Once you reach the line containing "digitálním potiskem --3926171", return it and every line after it exactly, through the end of the records below, with no pictures.

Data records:
..........

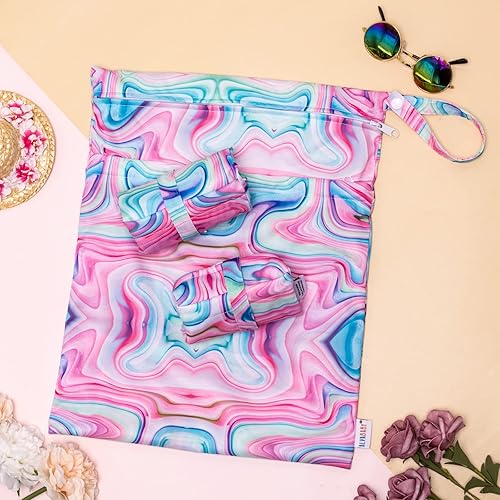 Miniatura 200 de ALVABABY 2 bolsas de pañales de tela para ropa húmeda, reutilizables con dos bolsillos con cremallera, para viajes, playa, piscina, guardería, 01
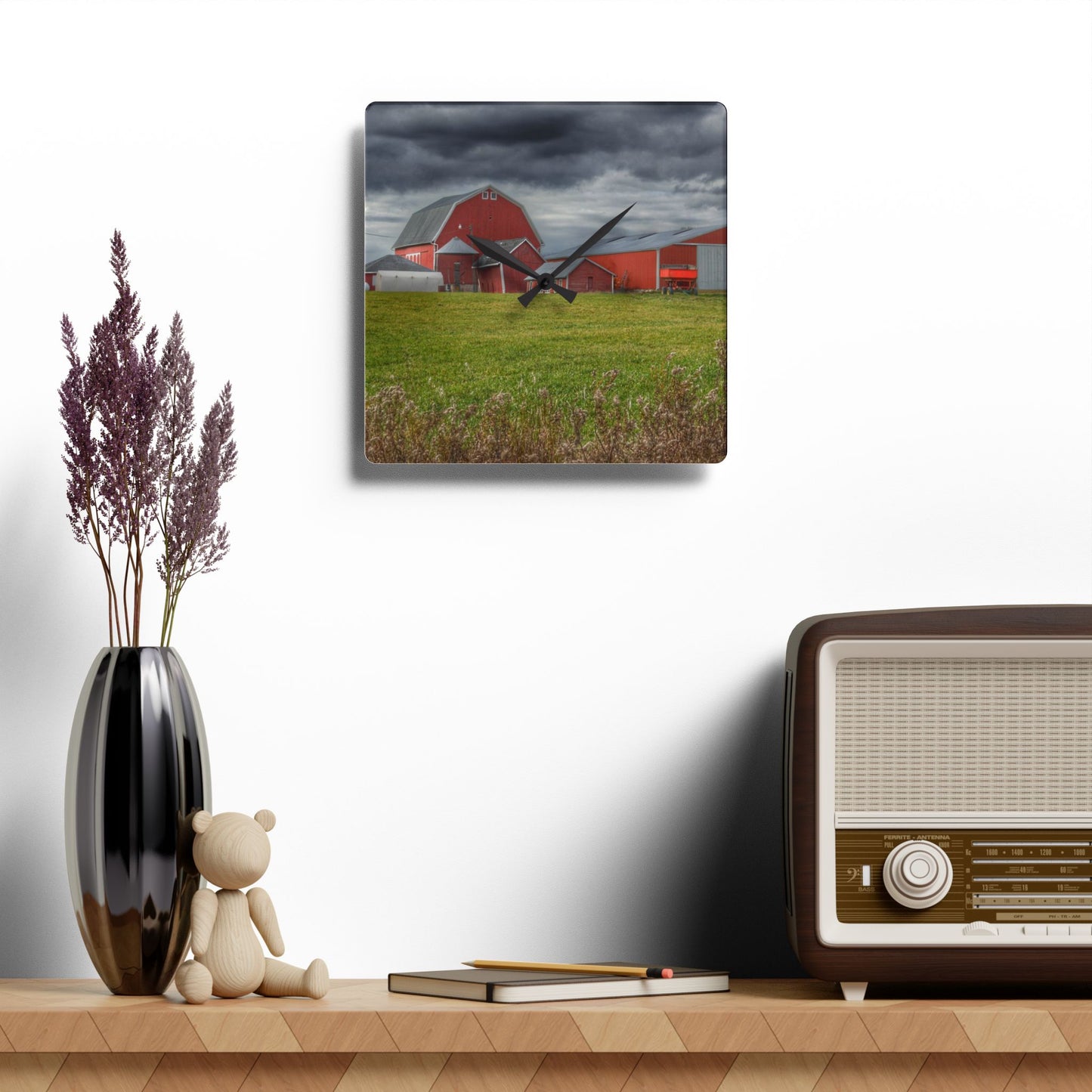 U R There Photography Castle Road Reds Rustic Farmhouse Acrylic Analog Wall Clock
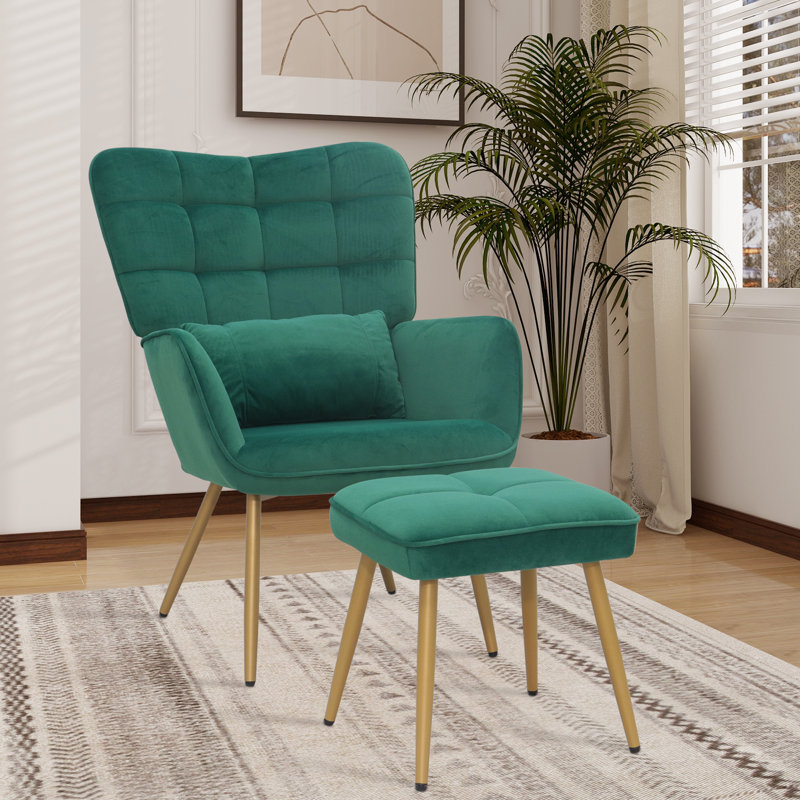 Fauteuil rembourré Nessa, Polyester vert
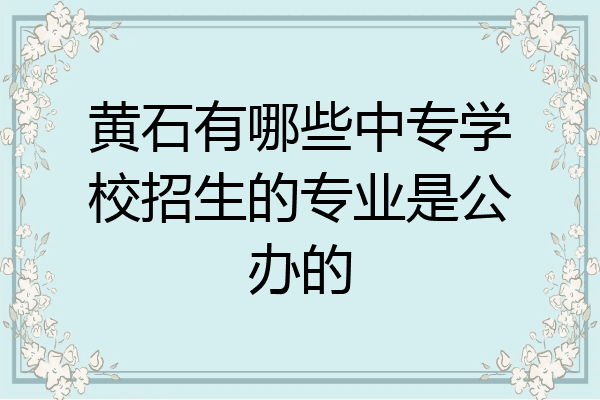 黄石有哪些中专学校招生的专业是公办的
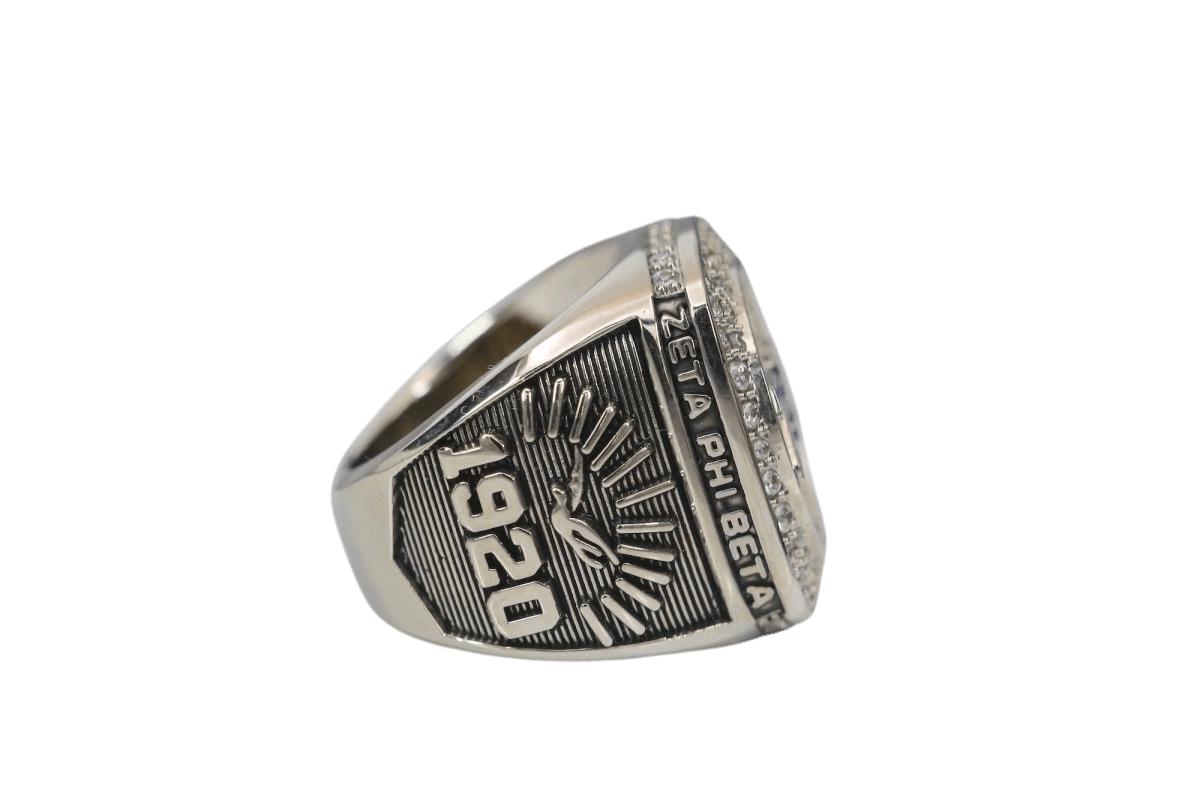 Zeta Phi Beta Sorority Ring (ΖΦΒ) - Shine Series, Silver - fratrings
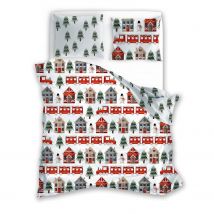 Pościel 140x200 Świąteczny pociąg bawełna świąteczna Faro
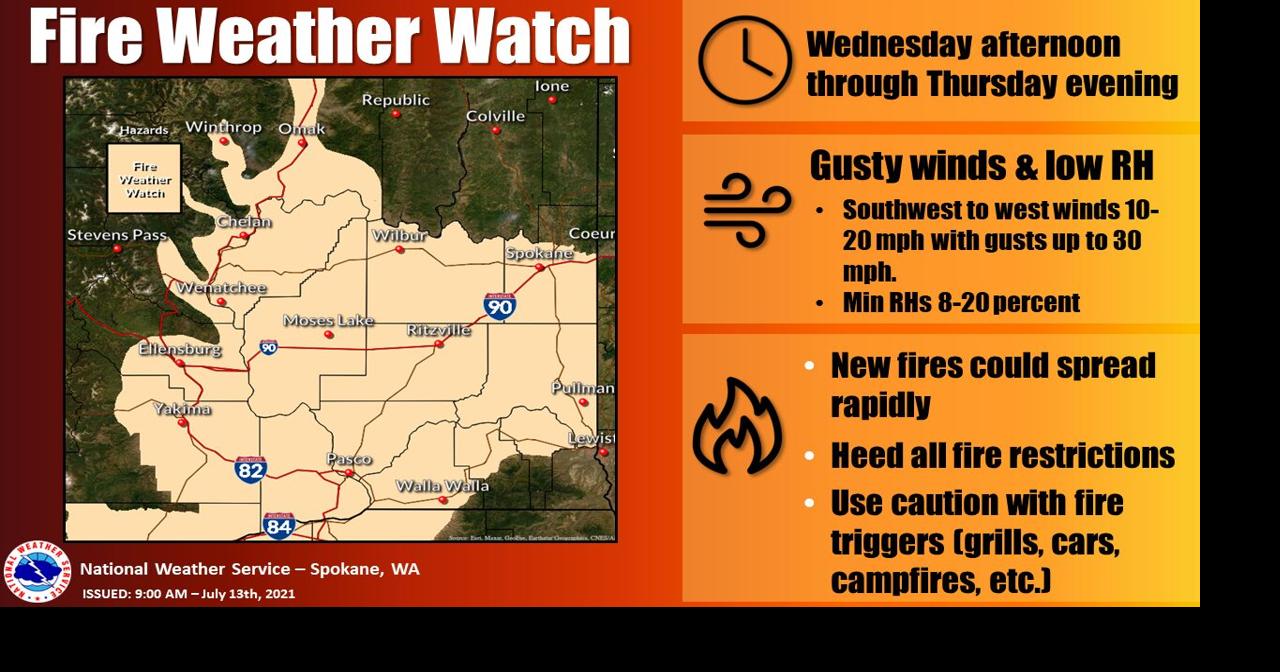 Fire Weather Watch issued for parts of eastern and central Washington ...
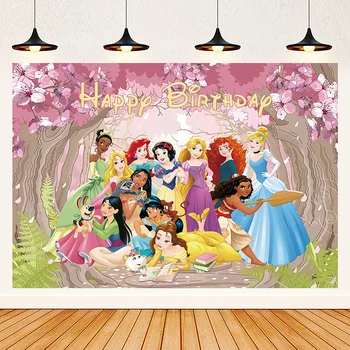 La Princesa De Disney Fotografía De La Princesa De Telón De Fondo A Los Niños Niñas Felices Fiesta De Cumpleaños Decoración De Vinilo Hijos Fondo De La Foto Regalos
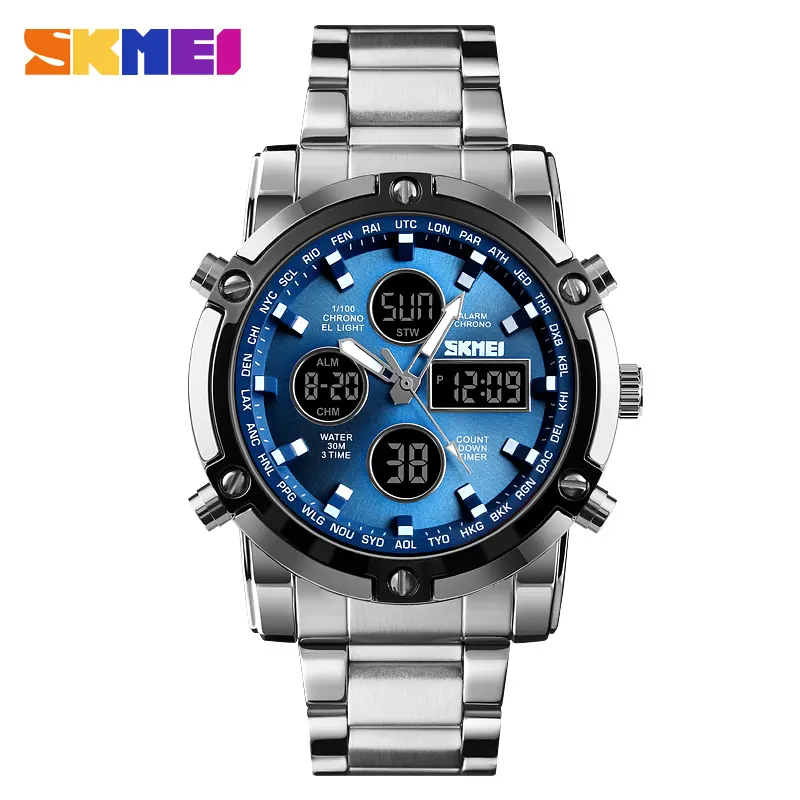 Top Luxury Men Sports Watch Countdown 3 Time Clock Stainless Steel Waterproof Skmei 1389 Digital Quartz Men Wrist Watch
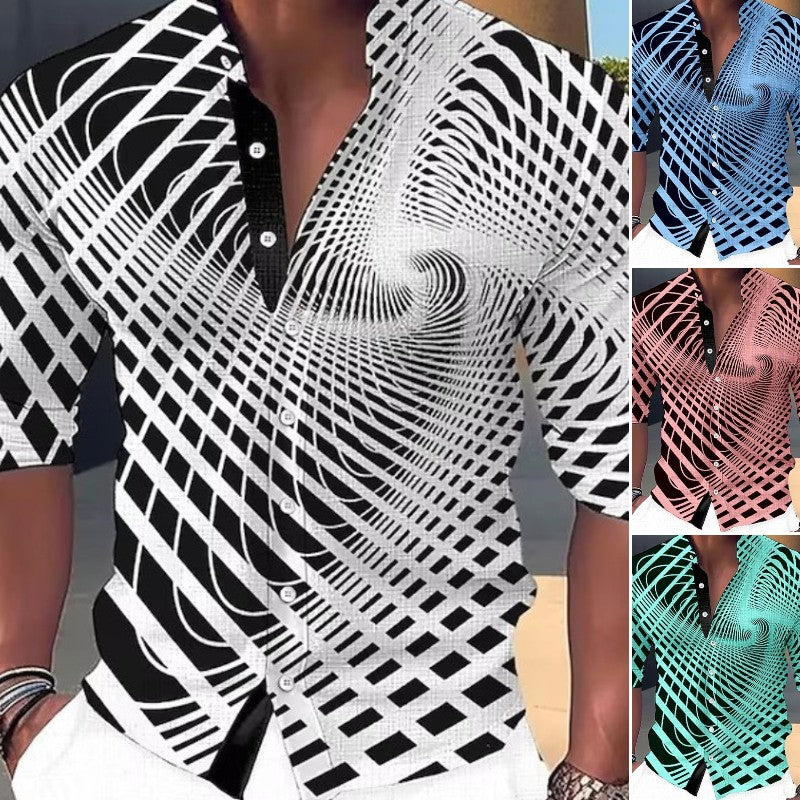 🔥 👔【S-6XL】Pánská trendy ležérní košile s dlouhým rukávem s 3D digitálním potiskem --3926171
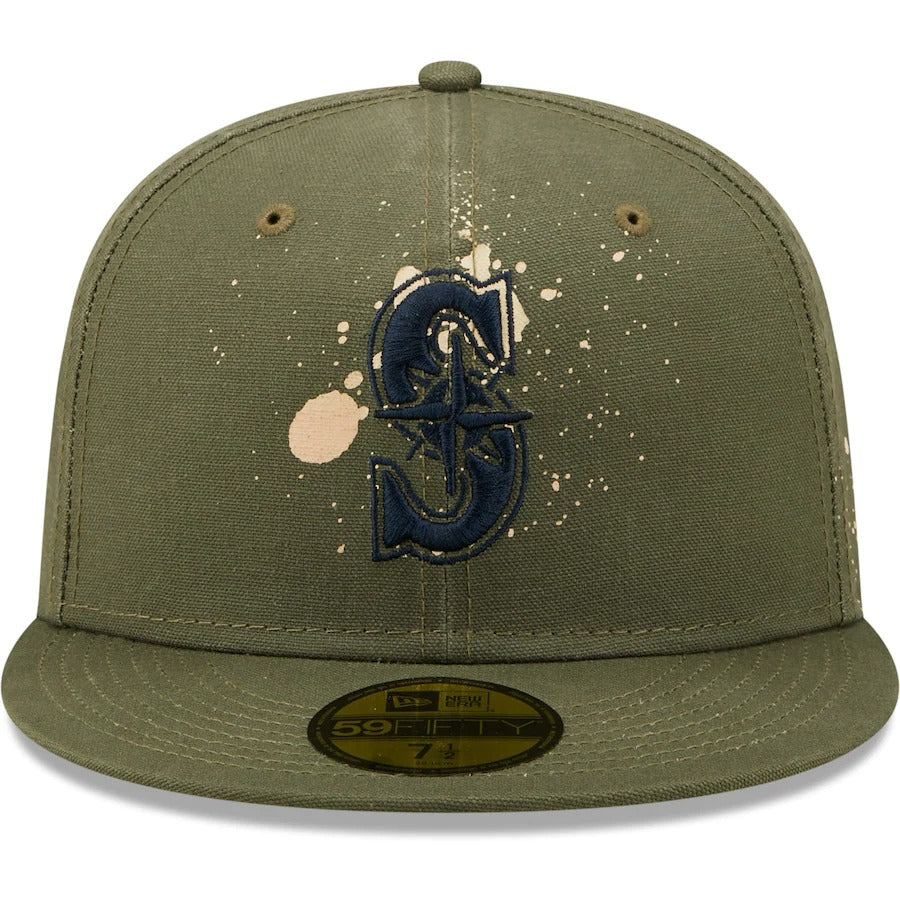New Era Seattle Mariners Olive Splatter 59FIFTY Fitted Hat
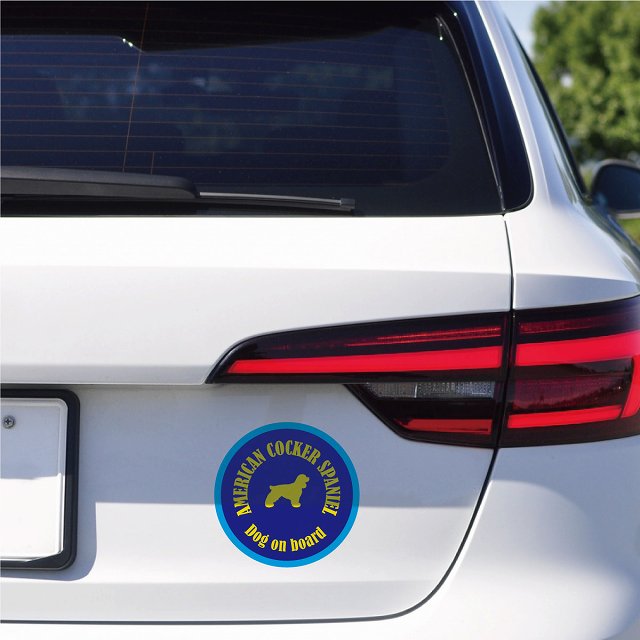 セーフティサイン ステッカー カラフル Dog on board 丸型 パピヨン ホワイトブラック 直径13cm あおり運転 対策 カーステッカー 給油口 リア ウインドウ 2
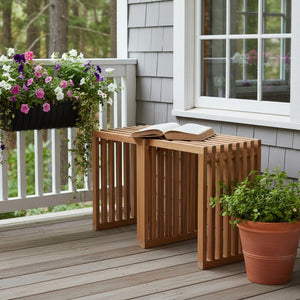 HomeRoots 27" Natural Solid Wood Adjustable Bench - Versatile Acacia Seating for Indoor & Outdoor Spaces 668843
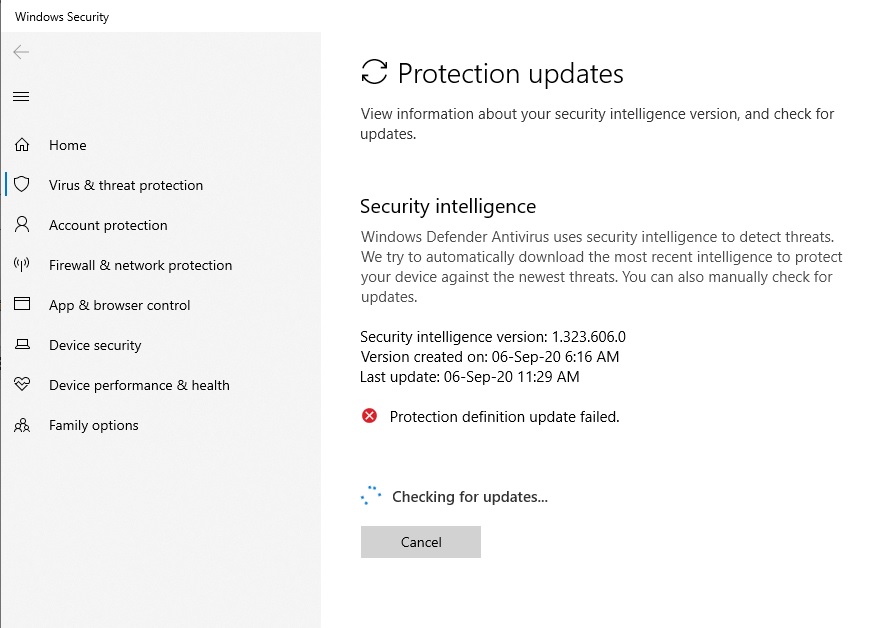 ไม่สามารถอัพเดท Windows Security ได้ (Error: Protection Definition ...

..........

### Task answer
 🔥 👔【S-6XL】Pánská trendy ležérní košile s dlouhým rukávem s 3D digitálním potiskem --3926171
New Era Seattle Mariners Olive Splatter 59FIFTY Fitted Hat
 セーフティサイン ステッカー カラフル Dog on board 丸型 パピヨン ホワイトブラック 直径13cm あおり運転 対策 カーステッカー 給油口 リア ウインドウ 2
 HomeRoots 27" Natural Solid Wood Adjustable Bench - Versatile Acacia Seating for Indoor & Outdoor Spaces 668843
 ไม่สามารถอัพเดท Windows Security ได้ (Error: Protection Definition ...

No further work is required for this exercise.